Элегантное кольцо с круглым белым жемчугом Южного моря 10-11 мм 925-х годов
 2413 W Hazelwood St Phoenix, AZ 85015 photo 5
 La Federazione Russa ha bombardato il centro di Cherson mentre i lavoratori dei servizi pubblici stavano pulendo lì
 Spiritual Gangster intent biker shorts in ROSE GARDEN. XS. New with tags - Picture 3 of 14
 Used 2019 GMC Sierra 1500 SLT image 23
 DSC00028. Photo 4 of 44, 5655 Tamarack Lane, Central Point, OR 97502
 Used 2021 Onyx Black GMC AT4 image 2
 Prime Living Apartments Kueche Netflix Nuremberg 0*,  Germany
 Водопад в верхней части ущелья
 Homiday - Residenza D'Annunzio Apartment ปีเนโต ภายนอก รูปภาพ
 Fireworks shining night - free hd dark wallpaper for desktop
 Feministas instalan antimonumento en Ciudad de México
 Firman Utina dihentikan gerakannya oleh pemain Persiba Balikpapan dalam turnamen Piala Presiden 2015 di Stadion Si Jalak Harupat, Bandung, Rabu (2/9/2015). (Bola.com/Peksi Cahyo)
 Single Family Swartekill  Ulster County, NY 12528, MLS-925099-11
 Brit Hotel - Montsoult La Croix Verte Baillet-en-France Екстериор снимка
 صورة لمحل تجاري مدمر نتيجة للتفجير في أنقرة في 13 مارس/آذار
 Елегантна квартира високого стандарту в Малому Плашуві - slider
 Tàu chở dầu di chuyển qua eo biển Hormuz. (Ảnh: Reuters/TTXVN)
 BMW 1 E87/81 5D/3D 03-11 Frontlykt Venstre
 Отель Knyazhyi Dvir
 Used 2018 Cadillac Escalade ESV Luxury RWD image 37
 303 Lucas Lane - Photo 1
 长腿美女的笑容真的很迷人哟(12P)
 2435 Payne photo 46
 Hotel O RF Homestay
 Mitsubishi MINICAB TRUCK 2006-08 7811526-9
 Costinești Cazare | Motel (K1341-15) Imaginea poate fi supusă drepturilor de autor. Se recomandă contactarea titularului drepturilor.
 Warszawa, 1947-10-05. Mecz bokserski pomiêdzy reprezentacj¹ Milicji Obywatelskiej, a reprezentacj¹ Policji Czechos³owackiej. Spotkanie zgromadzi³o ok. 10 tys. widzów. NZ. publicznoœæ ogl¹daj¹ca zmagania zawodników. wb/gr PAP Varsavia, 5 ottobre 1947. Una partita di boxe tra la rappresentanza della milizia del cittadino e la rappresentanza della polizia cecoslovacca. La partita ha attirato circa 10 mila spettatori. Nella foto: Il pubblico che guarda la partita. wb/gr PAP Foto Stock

——————

Action item =
Pick out each line in the material containing "Used".

Response area =
 Used 2019 GMC Sierra 1500 SLT image 23
 Used 2021 Onyx Black GMC AT4 image 2
 Used 2018 Cadillac Escalade ESV Luxury RWD image 37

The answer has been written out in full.